From the OP's print result, we see
[btc]
[btc]
[nav]
[btc, btc,btc]
However, if it is of lists of strings, it should yield
['btc']
['btc']
['btc']
['nav']
['btc', 'btc', 'btc']
Solution:
df = pd.DataFrame({
'dollar_sign':['[btc]','[btc]','[btc]','[nav]','[btc, btc, btc]'],
'followers_count':[35946,35946,35946,35946,35946]}
)
df.dollar_sign.str[1:-1].str.split(",\s").map(set)
0 {btc}
1 {btc}
2 {btc}
3 {nav}
4 {btc}
Name: dollar_sign, dtype: object
.str[1:-1]
removes [
and ]
.
str.split(",\s")
splits with ", ", a comma and a space. (Assuming the strings use ", " as the delimiter, otherwise, you may need "\s*,\s*"

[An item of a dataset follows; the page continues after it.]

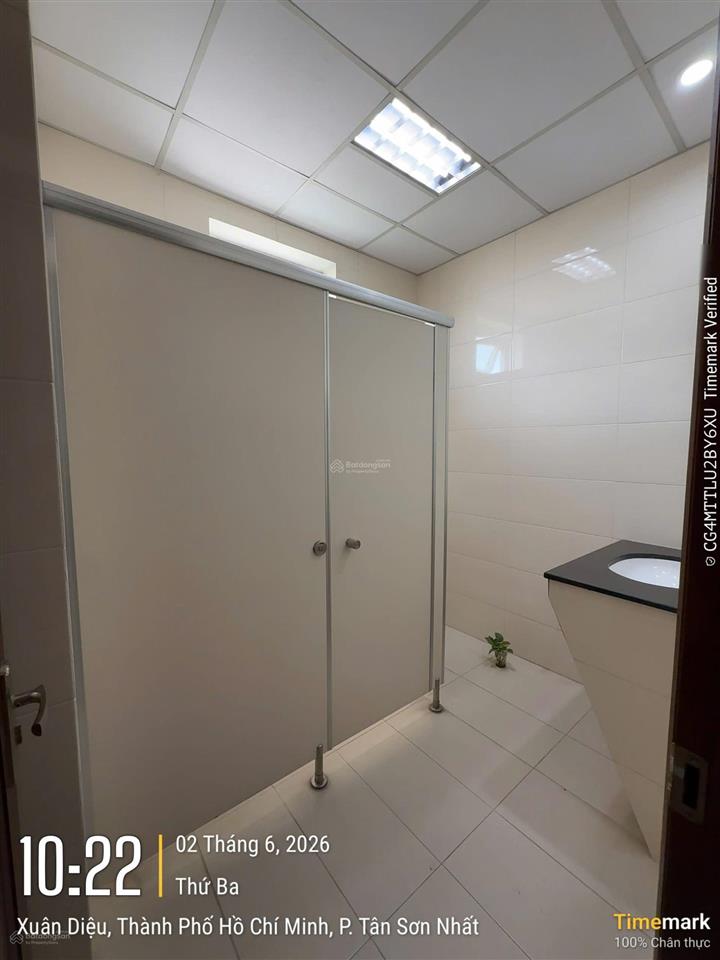 Cho thuê văn phòng 160m² quận tân bình giá chỉ 21 triệu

or something even more sophisticated.)
map(set)
turns each list into a set.Upvotes: 3
Reputation: 323266
You can using list
with map
, and set
can get the unique value
df['dollar_sign']=list(map(set,df['dollar_sign']))
df
Out[1068]:
dollar_sign followers_count
0 {btc} 35946
1 {btc} 35946
2 {btc} 35946
3 {nav} 35946
4 {btc} 35946
This is how I create the df
df=pd.DataFrame({'dollar_sign':[['btc'],['btc'],['btc'],['nav'],['btc','btc','btc']],'followers_count':[35946,35946
,35946
,35946
,35946
]})
Upvotes: 2
Reputation: 3325
You can use sets. A set will take out the duplicates.
So, as an example, keeping the style of the output:
for row in df_twitter['dollar_sign']:
print list(set(row))
Output:
[btc]
[btc]
[btc]
[nav]
[btc]
Upvotes: 3